Research has provided better tools for identifying and managing the bees (see p. 24 ). One new device to help manage swarms is Visscher's “Take-Out Trap,” which attracts and kills “straggler” bees that remain after a swarm is removed by vector control officials or private pest-control operators.
“When a swarm is removed, some bees are away from the swarm cluster looking for a new nest site. When they return, everyone is gone so they go looking for the queen and the swarm cluster,” Visscher explains. These wide-ranging stragglers can be especially troublesome because they are more likely to come into contact with humans or domestic animals.
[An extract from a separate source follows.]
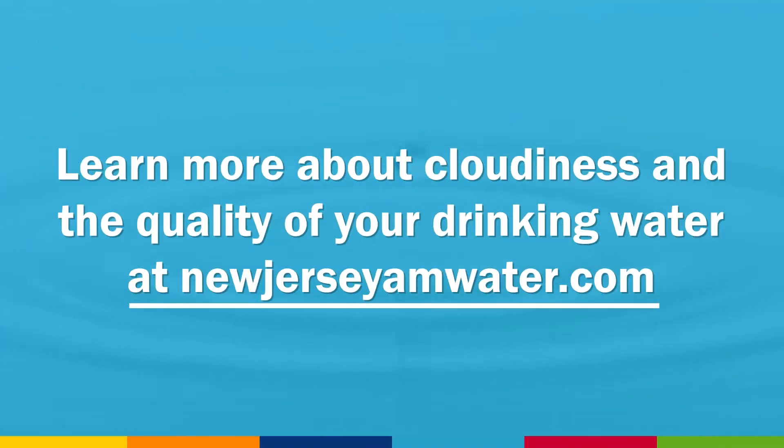Learn more about cloudiness and the quality of your drinking water at NewJerseyAMWater.com.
The “Take-Out Trap"—named for the Chinese restaurant take-out carton it is made from—is baited with the same chemicals used by the bees to communicate with one another. So, straggler bees looking for the queen find a take-out container that smells like a queen bee and a lemony chemical that bees use to mark the queen's location. The searching bees enter the trap, but cannot readily leave because the entrance is a cone of screening. Once inside, they drown in a solution of insecticidal soap.
In time, Africanized bees will probably occupy most areas in Southern California, according to Visscher. “But, the slow spread we have seen recently is a good sign,” he says. “It may mean the bees will not spread too much farther northward, and it also probably means that we have a better chance of modifying undesirable behavior of these new arrivals, thanks to the presence of established European honeybee colonies tended by beekeepers.
“Beekeepers' colonies compete with the Africanized bees for food, and European drones will mate with Africanized queens, and dilute the undesirable characteristics of the Africanized bee population,” Visscher says.